İlk olarak fetih şehitlerinin mezarları ziyaret edilir, daha sonra aile kabristanına gidilip, daha sonra da kurban kesilip bayram yerine gidilirmiş.
.
Hatta Fatih Sultan Mehmet, saraydaki bayram merasimi ile ilgili bir kanun bile hazırlamış;
Buna göre Padişah;
Sabah namazını Hırka-i Saadet Dairesi’nde kılacak,
Hırka-i Saadet kapısının önündeki kafeste tahta oturacak,
İmamlar ve hatipler “Aşr-ı şerif” okuduktan sonra hazinedarbaşı onlara caizelerini ve hediyelerini verecekti.
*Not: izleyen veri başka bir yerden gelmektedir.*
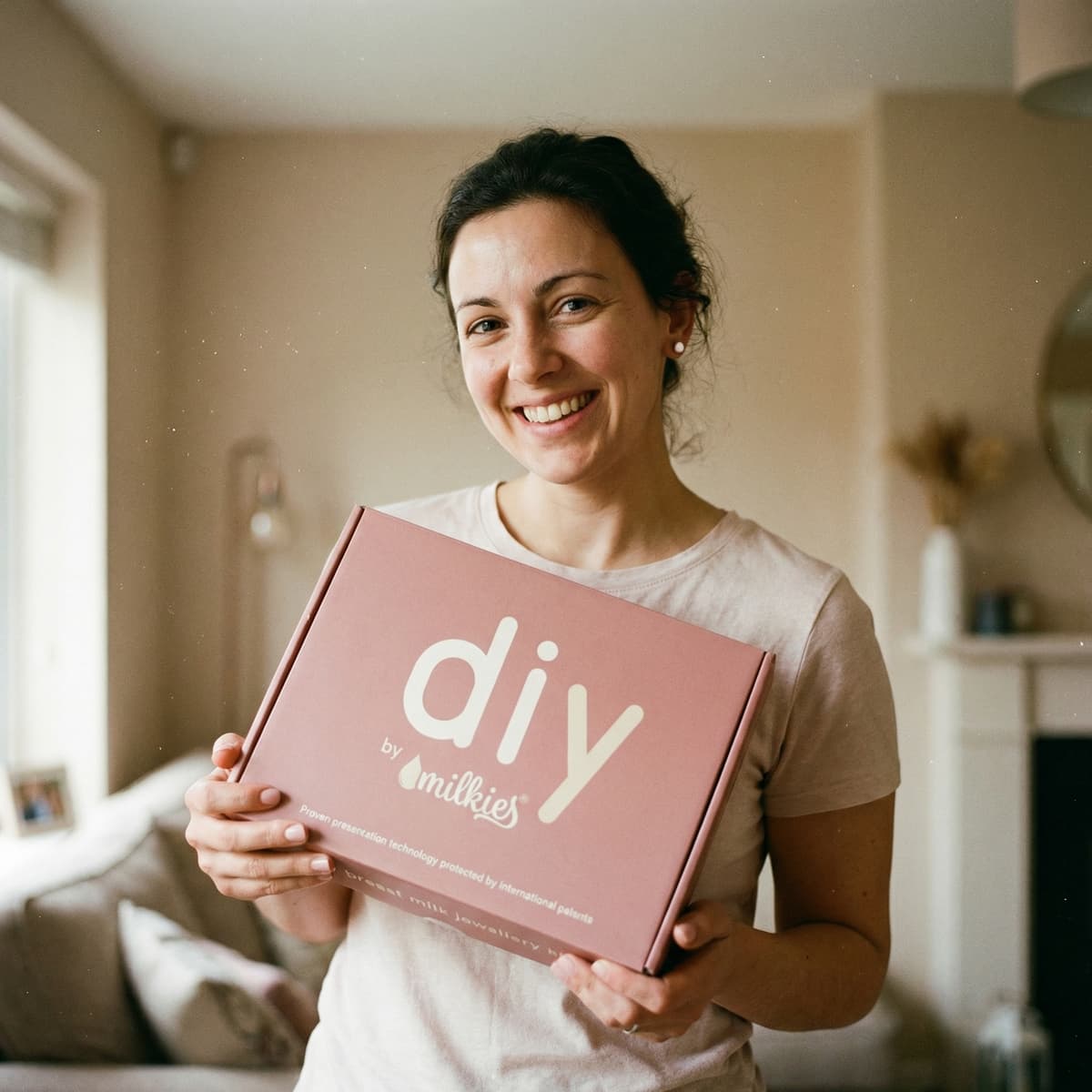 Smiling mom holds a pink DIY by MILKIES box, showing why a breastmilk earring diy making kit is a convenient at-home way to create a personal breastmilk keepsake.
Daha sonra da mehter çalacak ve orada bulunanlar alkış tutacak, duacı çavuşlar ise dua edeceklerdi.
.
Osmanlı’da bayram günlerinde memurlar, amirlerini ziyarete gidermiş, ancak bu çok masraflı olduğu için 1845’ten sonra resmen kaldırılarak memurlar, çalıştıkları yerde bayramlaşmaya başlamışlar.
.
Osmanlı’da Ramazan Bayramı hazırlıkları, 15 gün öncesinden başlarmış.
Bu süre zarfında yeni kıyafetler dikilir, maddi durumu olmayanlara ise hali vakti yerinde olanlar bayramlık kıyafet diktirerek destek olurmuş.
Bayramlık kıyafetleri kimi zaman terziler diker, bazıları ise kendisi dikmeyi tercih edermiş.